Activity — How does the data below read from its first line through the line containing "Más de 200 integrantes"? Print those lines exactly.

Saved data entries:
------------------------------

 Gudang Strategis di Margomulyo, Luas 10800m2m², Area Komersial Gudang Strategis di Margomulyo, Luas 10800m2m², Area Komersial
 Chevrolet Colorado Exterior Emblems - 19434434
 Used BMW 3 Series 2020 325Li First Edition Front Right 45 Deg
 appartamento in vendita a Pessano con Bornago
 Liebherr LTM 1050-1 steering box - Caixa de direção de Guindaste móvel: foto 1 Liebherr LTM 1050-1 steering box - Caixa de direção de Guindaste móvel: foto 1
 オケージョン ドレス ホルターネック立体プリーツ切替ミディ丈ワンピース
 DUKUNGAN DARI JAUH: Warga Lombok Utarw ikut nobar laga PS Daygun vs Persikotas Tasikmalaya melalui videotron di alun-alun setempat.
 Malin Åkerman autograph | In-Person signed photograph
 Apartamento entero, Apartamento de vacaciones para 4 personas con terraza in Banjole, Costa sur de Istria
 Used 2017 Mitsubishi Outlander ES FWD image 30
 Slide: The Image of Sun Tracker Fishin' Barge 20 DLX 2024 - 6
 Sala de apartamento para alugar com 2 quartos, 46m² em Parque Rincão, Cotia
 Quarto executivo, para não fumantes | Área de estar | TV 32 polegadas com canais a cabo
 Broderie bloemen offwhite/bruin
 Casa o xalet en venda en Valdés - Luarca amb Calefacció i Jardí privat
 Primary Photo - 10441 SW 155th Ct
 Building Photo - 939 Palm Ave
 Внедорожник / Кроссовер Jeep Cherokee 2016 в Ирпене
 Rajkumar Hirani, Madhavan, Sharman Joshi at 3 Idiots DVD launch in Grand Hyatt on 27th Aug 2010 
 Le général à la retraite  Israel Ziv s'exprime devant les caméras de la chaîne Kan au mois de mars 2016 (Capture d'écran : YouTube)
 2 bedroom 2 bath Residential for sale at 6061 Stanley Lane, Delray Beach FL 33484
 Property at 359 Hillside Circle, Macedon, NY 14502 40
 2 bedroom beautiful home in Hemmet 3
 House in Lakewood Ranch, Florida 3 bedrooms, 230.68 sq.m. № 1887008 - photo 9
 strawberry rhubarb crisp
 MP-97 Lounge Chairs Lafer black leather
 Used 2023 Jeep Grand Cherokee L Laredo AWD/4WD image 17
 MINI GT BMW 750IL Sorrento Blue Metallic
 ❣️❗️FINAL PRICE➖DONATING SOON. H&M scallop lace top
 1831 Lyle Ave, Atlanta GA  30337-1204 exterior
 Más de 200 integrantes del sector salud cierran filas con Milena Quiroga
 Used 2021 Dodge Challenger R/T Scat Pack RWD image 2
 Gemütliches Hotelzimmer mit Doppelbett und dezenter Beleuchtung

------------------------------

Expected answer —
 Gudang Strategis di Margomulyo, Luas 10800m2m², Area Komersial Gudang Strategis di Margomulyo, Luas 10800m2m², Area Komersial
 Chevrolet Colorado Exterior Emblems - 19434434
 Used BMW 3 Series 2020 325Li First Edition Front Right 45 Deg
 appartamento in vendita a Pessano con Bornago
 Liebherr LTM 1050-1 steering box - Caixa de direção de Guindaste móvel: foto 1 Liebherr LTM 1050-1 steering box - Caixa de direção de Guindaste móvel: foto 1
 オケージョン ドレス ホルターネック立体プリーツ切替ミディ丈ワンピース
 DUKUNGAN DARI JAUH: Warga Lombok Utarw ikut nobar laga PS Daygun vs Persikotas Tasikmalaya melalui videotron di alun-alun setempat.
 Malin Åkerman autograph | In-Person signed photograph
 Apartamento entero, Apartamento de vacaciones para 4 personas con terraza in Banjole, Costa sur de Istria
 Used 2017 Mitsubishi Outlander ES FWD image 30
 Slide: The Image of Sun Tracker Fishin' Barge 20 DLX 2024 - 6
 Sala de apartamento para alugar com 2 quartos, 46m² em Parque Rincão, Cotia
 Quarto executivo, para não fumantes | Área de estar | TV 32 polegadas com canais a cabo
 Broderie bloemen offwhite/bruin
 Casa o xalet en venda en Valdés - Luarca amb Calefacció i Jardí privat
 Primary Photo - 10441 SW 155th Ct
 Building Photo - 939 Palm Ave
 Внедорожник / Кроссовер Jeep Cherokee 2016 в Ирпене
 Rajkumar Hirani, Madhavan, Sharman Joshi at 3 Idiots DVD launch in Grand Hyatt on 27th Aug 2010 
 Le général à la retraite  Israel Ziv s'exprime devant les caméras de la chaîne Kan au mois de mars 2016 (Capture d'écran : YouTube)
 2 bedroom 2 bath Residential for sale at 6061 Stanley Lane, Delray Beach FL 33484
 Property at 359 Hillside Circle, Macedon, NY 14502 40
 2 bedroom beautiful home in Hemmet 3
 House in Lakewood Ranch, Florida 3 bedrooms, 230.68 sq.m. № 1887008 - photo 9
 strawberry rhubarb crisp
 MP-97 Lounge Chairs Lafer black leather
 Used 2023 Jeep Grand Cherokee L Laredo AWD/4WD image 17
 MINI GT BMW 750IL Sorrento Blue Metallic
 ❣️❗️FINAL PRICE➖DONATING SOON. H&M scallop lace top
 1831 Lyle Ave, Atlanta GA  30337-1204 exterior
 Más de 200 integrantes del sector salud cierran filas con Milena Quiroga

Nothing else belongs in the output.